Fatalla était vêtu de ce costume maronite dont l’indigence même a sa majesté, et que le regard du passant salue comme une robe de prêtre, quand il traverse les rues de nos villes. Il portait ce large turban syrien aux plis sombres, qui couronne si bien la vieillesse, et qui fait aux cheveux blancs comme une tiare de vénération et de dignité ; un large cafetan bleu dont la ceinture éclatante était agrafée d’un poignard, et les babouches à pointes recourbées du voyageur. Sa barbe grise, une de ces barbes de patriarche que les Orientaux baisent en s’inclinant, et sur lesquelles ils jurent comme sur les ornements sacerdotaux de la vieillesse, descendait en touffes épaisses jusque sur sa poitrine. C’était encore l’intrépide et aventureux compagnon de M. Lascaris, mais mûri d’années de sérénité et d’expérience.
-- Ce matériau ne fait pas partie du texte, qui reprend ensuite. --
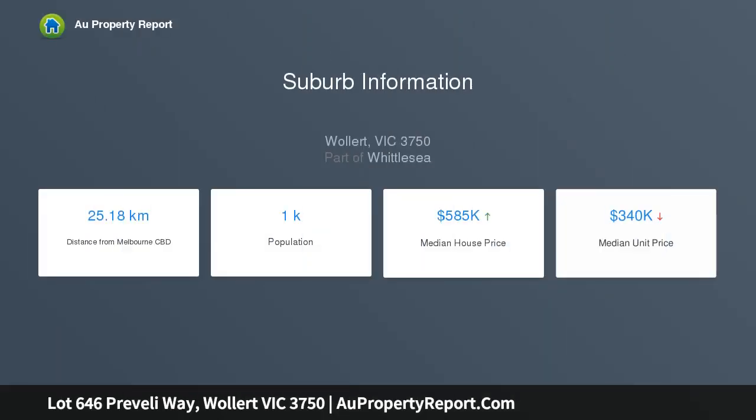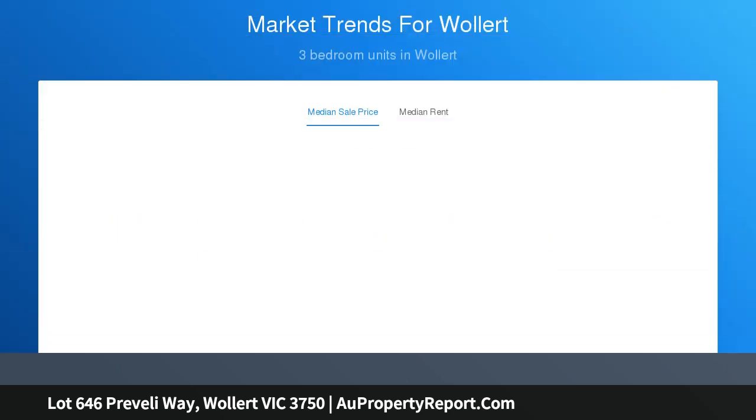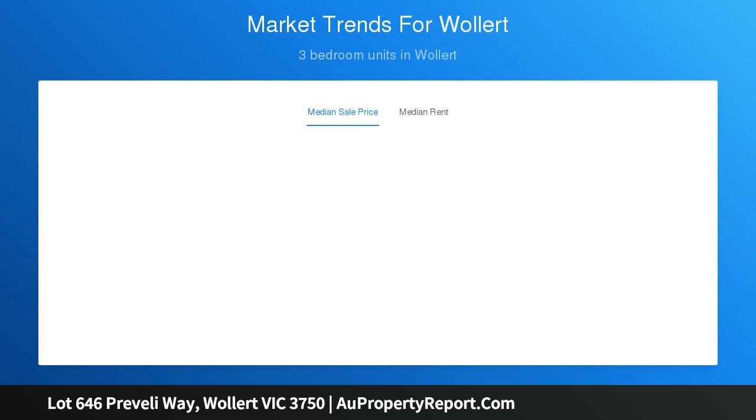Ideally positioned near the picturesque wetlands reserve, this home and land package is also a short walk from the neighbourhood park, future town centre, and two planned schools. Plus, enjoy the exclusive residents club with swimming pools, gym, venue space, café, and more.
Dès le premier jour de son arrivée à Paris, Fatalla s’était informé avec empressement de ma demeure. Il voulait non-seulement remercier celui qui avait payé son humble odyssée comme jamais calife n’aurait payé un poëme d’Antar, et qui avait rendu son nom célèbre parmi les Francs, mais encore voir cet émir Frengi, dont les drogmans et les cawas de Latakieh lui avaient si souvent parlé. L’imagination orientale est inflammable et féerique comme le sable de ses mirages. Il m’a suffi de traverser la Syrie au galop de beaux chevaux arabes, dans le tourbillon d’une escorte éclatante d’armes et de costumes, en jetant quelques milliers de piastres sur mon passage, pour y laisser un long reflet d’éblouissement et de magnificence. On parle encore de l’émir Frengi, de Bayruth à Jérusalem.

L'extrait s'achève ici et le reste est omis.